## TASK DESCRIPTION
In the records below, find the line containing "TIGI Bed Head". Output it and every line after it to the end, unchanged, with no pictures.

══ DATA EXCERPTS ══

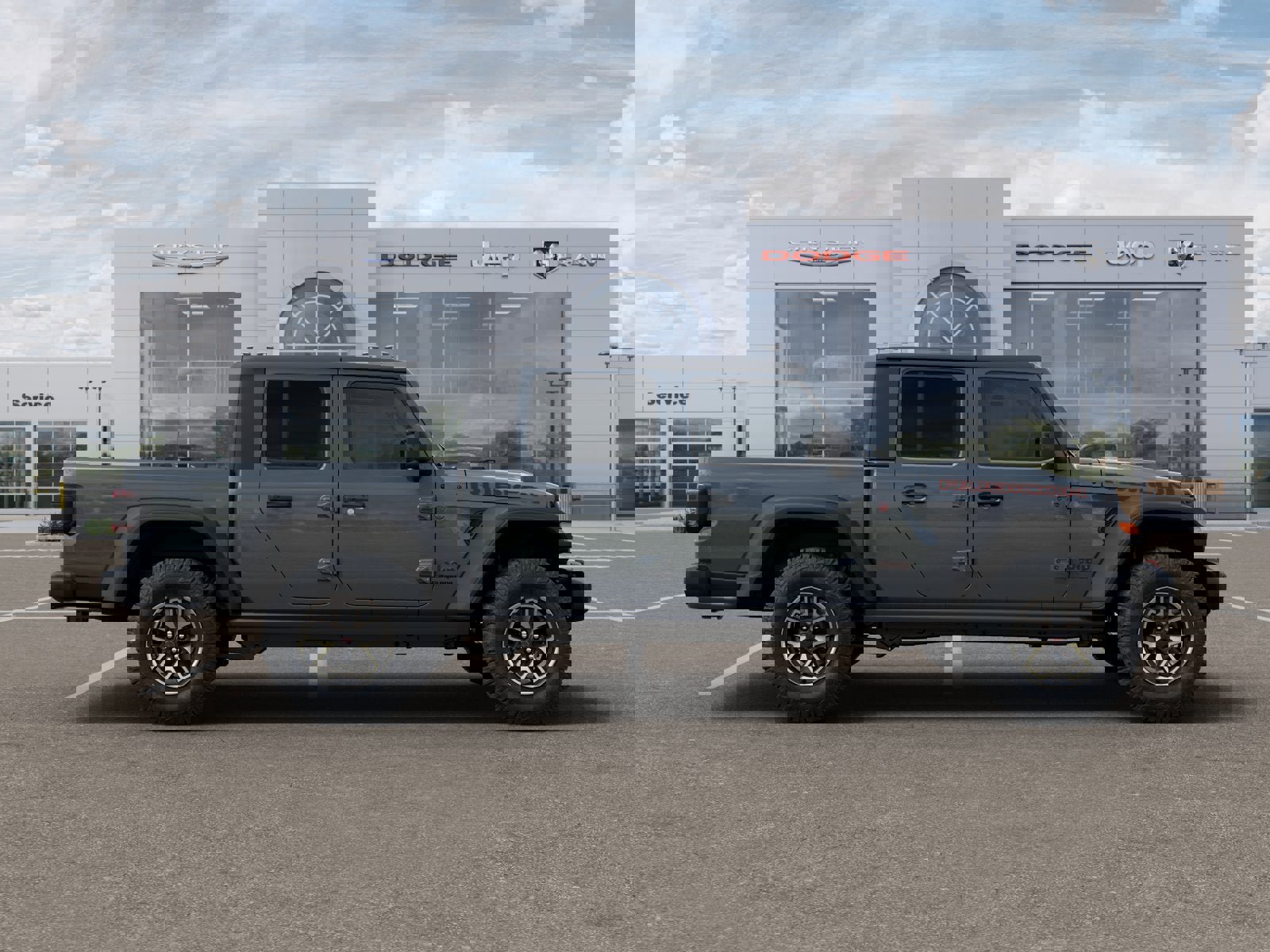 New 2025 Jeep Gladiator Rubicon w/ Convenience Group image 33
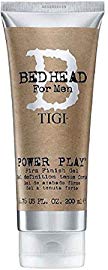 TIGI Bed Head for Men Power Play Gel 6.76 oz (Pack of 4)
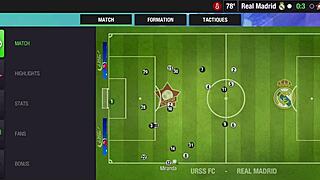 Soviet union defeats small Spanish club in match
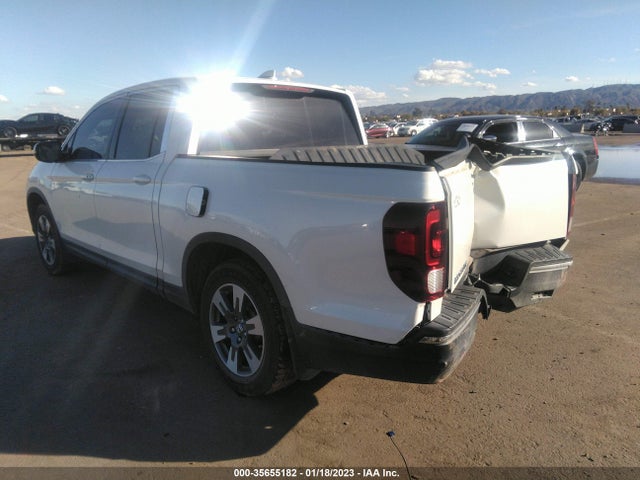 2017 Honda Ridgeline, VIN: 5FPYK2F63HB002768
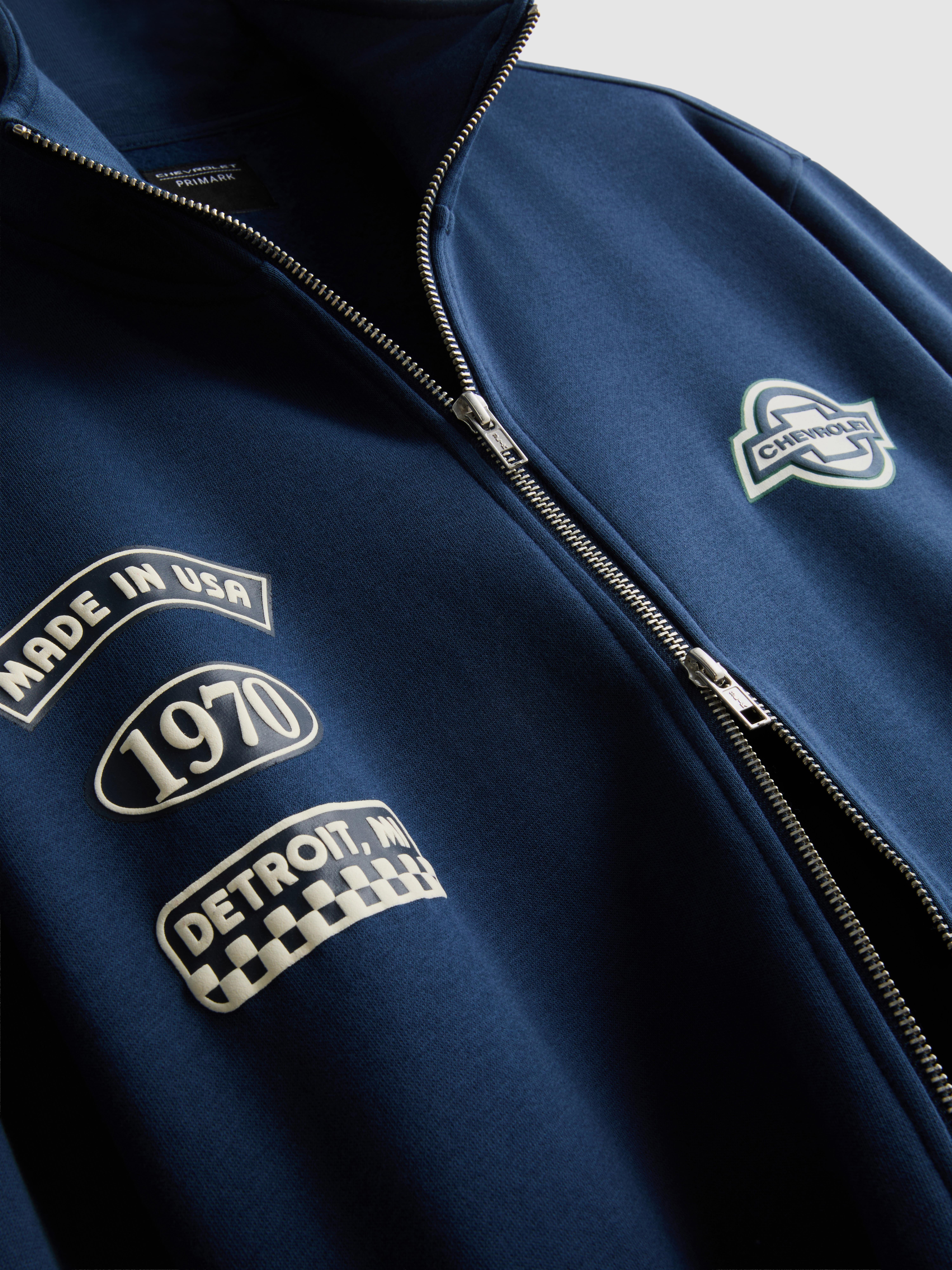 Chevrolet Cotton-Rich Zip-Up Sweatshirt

═══

## RESPONSE AREA
 TIGI Bed Head for Men Power Play Gel 6.76 oz (Pack of 4)
 Soviet union defeats small Spanish club in match
 2017 Honda Ridgeline, VIN: 5FPYK2F63HB002768
 Chevrolet Cotton-Rich Zip-Up Sweatshirt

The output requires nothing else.